There’s been a lot of attention paid to a recent article in Baseball Prospectus by Andrew Koo. A free version was later republished by Deadspin.
Citing some persuasive data, Koo argues that Oakland’s Billy Beane may be engaging in “Moneyball” all over again. This time, instead of looking for guys who get on base, Beane is looking for so-called fly-ball hitters: batters who tend to hit significantly more fly balls than ground balls. Koo shows that fly-ball hitters tend to hit ground-ball pitchers very well, and even have a slight advantage over pitchers with no tendency toward generating fly balls or ground balls. By cheaply buying up players whose fly-ball tendencies are otherwise masked by so-so overall production, Beane may have found another discounted advantage over the rest of the league, at least for the time being.
How well does the Brewers lineup rate when it comes to fly ball hitting? According to Koo, they are one of the worst in the league. Here is his chart for plate appearances by fly ball hitters for each club in 2013:
Koo doesn’t specify what he means by a fly-ball hitter, other than to say that means a hitter who generates ground balls at a rate of less than one standard deviation below the league mean. To put the Brewers’ fly ball struggles into context, I tried to derive that number for myself. So, I took all major league players who put at least 80 balls in play in 2013 — which is the level at which Russell Carleton claims a batter’s fly ball / groundball tendency stabilizes — and looked for that cut-off.

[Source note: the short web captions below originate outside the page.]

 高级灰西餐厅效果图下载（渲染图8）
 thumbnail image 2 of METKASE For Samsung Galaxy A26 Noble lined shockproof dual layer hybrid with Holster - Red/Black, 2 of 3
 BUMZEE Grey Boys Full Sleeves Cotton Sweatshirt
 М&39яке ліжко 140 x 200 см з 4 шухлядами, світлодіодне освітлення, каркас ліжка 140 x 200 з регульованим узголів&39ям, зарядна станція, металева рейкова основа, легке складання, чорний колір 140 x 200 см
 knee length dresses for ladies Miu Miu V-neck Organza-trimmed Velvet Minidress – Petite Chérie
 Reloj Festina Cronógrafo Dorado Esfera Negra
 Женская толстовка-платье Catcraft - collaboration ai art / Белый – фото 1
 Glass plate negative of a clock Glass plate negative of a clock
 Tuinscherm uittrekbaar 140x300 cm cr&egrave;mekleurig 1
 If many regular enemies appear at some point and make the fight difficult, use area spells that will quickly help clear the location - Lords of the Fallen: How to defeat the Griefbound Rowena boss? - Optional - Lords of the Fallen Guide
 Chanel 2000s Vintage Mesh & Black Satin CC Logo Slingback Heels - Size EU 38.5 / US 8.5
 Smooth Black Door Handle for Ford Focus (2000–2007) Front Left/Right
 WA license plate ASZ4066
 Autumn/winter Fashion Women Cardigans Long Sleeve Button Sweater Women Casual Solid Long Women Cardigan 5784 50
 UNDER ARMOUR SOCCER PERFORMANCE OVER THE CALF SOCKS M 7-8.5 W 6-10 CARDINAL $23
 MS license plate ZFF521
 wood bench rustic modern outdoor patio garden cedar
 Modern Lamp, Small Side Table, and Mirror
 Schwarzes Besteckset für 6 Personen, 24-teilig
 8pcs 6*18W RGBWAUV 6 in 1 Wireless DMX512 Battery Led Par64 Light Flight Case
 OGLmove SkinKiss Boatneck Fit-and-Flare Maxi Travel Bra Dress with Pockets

By that calculation, a fly-ball hitter in 2013 was anyone with a groundball rate of 39% or less.
With that cleared up, behold the chart of all Brewers who put at least 80 balls in play in 2013, sorted by groundball percentage:
Not a single fly-ball hitter among them, at least as Koo defines it. The closest regulars are Jonathan Lucroy and Carlos Gomez.
Is this something the Brewers should be concerned about? Not necessarily. Every team has its tendencies, and as a general matter, baseball clubs don’t have the luxury of developing any particular tendency in their major league players. Professional baseball players have such a unique skill set, and so few of them end up being successful, that all players have various combinations of attributes. For what it is worth, Baseball Reference says the Brewers were above average in 2013 in the areas of base-stealing, situational hitting, and defensive efficiency. Every team has different skill sets, particularly when considered in the aggregate.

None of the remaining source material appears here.